Supplied material >>

::::::::::

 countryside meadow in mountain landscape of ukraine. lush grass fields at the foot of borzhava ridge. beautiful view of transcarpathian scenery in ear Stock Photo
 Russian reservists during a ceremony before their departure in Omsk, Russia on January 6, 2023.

::::::::::

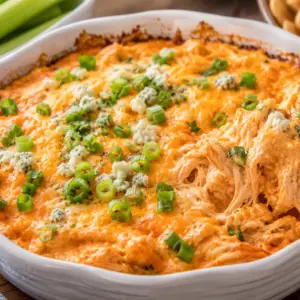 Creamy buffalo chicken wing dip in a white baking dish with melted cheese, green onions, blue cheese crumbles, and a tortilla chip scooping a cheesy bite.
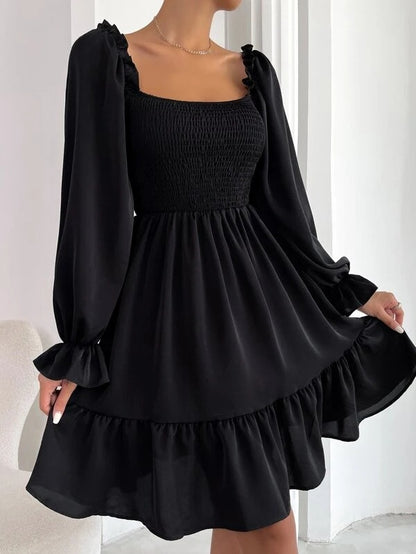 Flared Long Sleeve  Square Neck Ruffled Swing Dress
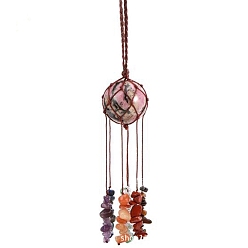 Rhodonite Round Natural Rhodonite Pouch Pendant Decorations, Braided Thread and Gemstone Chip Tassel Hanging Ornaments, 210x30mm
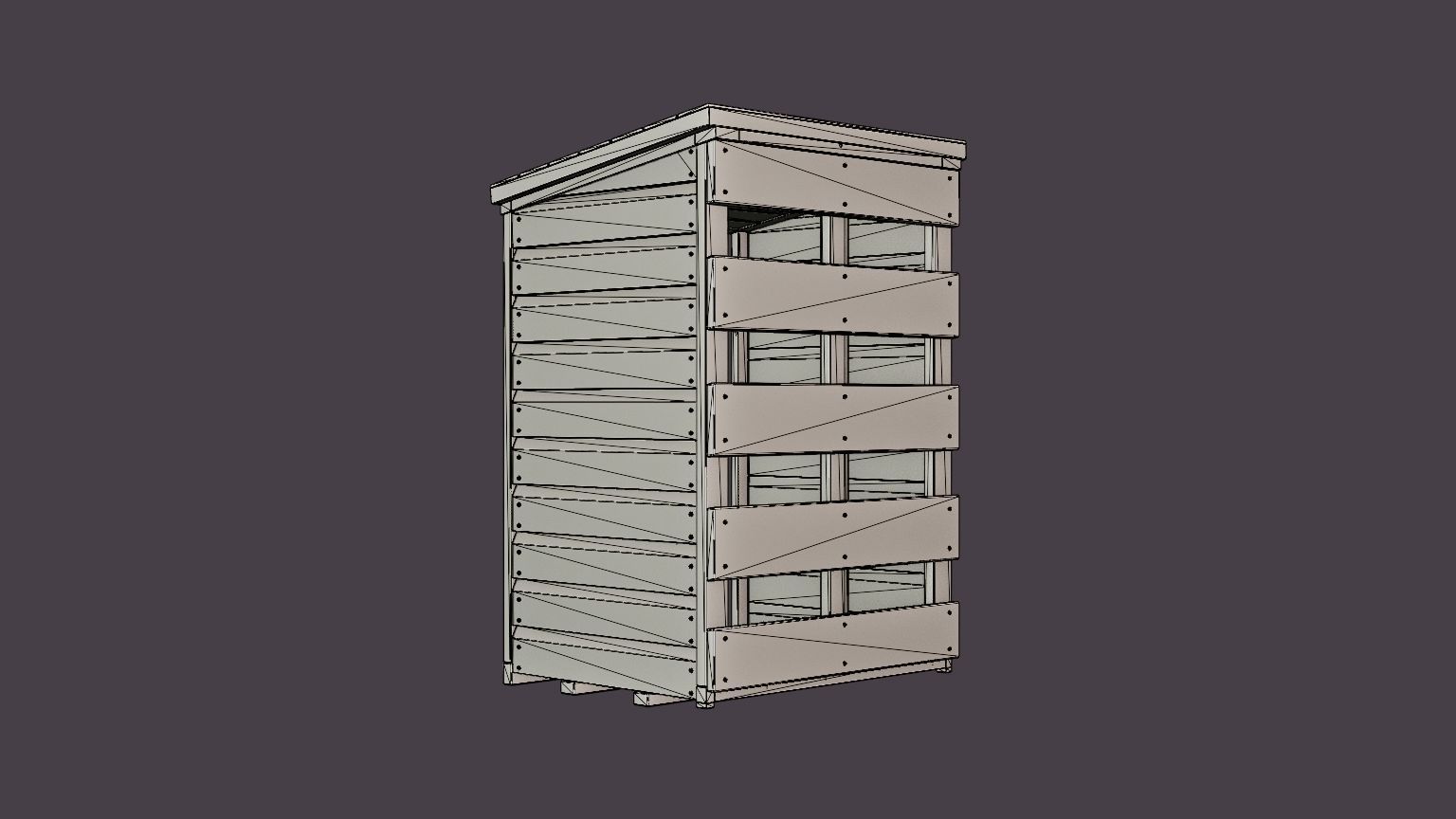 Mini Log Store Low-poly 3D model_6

::::::::::

Among the lines above, repeat exactly those from the line with "countryside meadow in" to the line with "Russian reservists during", counting both ends.

Exercise answer >>
 countryside meadow in mountain landscape of ukraine. lush grass fields at the foot of borzhava ridge. beautiful view of transcarpathian scenery in ear Stock Photo
 Russian reservists during a ceremony before their departure in Omsk, Russia on January 6, 2023.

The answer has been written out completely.